**Directions**
Every line below that contains the word "Creative" must be copied.
[Information provided — start]
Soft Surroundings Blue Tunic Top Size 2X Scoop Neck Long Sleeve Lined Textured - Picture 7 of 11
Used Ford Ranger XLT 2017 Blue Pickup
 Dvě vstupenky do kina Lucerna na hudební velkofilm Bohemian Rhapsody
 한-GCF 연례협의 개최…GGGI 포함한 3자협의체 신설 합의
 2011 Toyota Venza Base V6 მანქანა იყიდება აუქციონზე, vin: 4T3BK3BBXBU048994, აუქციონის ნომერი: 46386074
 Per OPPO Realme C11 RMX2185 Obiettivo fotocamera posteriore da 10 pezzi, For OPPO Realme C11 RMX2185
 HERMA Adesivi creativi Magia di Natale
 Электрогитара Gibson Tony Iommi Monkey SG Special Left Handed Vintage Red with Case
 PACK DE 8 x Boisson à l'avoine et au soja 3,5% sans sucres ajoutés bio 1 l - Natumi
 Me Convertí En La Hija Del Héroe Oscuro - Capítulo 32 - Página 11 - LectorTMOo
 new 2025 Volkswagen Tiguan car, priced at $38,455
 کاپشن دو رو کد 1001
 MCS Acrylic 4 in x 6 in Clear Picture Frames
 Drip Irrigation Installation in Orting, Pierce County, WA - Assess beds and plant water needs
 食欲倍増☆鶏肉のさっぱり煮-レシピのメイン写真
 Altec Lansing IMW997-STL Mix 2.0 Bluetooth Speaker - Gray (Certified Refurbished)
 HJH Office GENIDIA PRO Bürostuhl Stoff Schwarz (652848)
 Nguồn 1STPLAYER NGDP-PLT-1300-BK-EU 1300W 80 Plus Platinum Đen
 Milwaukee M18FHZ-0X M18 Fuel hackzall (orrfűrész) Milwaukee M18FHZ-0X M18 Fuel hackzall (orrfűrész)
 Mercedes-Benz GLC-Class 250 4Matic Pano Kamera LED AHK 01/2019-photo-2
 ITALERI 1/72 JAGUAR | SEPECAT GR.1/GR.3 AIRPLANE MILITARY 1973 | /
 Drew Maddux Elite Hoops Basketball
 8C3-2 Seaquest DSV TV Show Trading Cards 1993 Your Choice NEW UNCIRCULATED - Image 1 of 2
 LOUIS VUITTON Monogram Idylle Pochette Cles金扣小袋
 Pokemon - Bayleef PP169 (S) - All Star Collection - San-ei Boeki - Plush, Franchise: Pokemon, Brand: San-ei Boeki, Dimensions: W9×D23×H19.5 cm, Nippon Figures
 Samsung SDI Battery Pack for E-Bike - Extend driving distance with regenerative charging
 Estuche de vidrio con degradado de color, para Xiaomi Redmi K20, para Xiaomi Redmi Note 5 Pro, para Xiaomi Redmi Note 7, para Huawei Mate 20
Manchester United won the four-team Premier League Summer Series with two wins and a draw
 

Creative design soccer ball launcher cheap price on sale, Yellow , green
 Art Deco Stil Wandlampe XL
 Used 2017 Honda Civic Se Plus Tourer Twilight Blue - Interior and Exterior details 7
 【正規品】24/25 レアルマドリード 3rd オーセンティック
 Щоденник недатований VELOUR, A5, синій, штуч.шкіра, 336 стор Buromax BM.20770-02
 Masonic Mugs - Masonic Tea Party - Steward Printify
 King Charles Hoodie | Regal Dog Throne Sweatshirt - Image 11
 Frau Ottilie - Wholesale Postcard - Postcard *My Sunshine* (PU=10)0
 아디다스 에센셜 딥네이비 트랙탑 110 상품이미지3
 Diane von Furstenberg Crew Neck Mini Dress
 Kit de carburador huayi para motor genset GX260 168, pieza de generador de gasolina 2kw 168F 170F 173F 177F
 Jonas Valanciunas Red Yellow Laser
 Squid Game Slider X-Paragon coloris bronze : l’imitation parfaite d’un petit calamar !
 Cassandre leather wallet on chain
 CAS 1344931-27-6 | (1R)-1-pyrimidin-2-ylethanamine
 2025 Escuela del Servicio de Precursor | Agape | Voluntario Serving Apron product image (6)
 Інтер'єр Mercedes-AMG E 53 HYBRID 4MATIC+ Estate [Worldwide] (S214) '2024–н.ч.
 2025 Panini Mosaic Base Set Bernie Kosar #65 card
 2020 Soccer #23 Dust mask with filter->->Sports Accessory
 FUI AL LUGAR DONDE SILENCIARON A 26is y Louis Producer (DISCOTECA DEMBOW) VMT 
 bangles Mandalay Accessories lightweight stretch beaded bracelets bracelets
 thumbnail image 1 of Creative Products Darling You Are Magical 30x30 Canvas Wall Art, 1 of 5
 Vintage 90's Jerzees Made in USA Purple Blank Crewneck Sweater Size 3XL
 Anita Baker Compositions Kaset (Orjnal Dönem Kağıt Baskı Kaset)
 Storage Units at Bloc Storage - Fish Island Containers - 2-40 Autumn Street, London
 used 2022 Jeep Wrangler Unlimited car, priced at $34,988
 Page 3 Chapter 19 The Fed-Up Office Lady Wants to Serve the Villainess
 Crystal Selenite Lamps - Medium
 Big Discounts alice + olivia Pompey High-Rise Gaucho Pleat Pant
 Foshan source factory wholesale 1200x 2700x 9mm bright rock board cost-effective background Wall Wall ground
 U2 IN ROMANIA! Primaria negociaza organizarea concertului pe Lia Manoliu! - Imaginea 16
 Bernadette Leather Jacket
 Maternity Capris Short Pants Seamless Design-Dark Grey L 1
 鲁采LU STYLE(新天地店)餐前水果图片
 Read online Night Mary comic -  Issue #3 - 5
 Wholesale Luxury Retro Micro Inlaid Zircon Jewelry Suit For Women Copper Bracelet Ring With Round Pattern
[Information provided — finish]
**Result for this task**
Creative design soccer ball launcher cheap price on sale, Yellow , green
 thumbnail image 1 of Creative Products Darling You Are Magical 30x30 Canvas Wall Art, 1 of 5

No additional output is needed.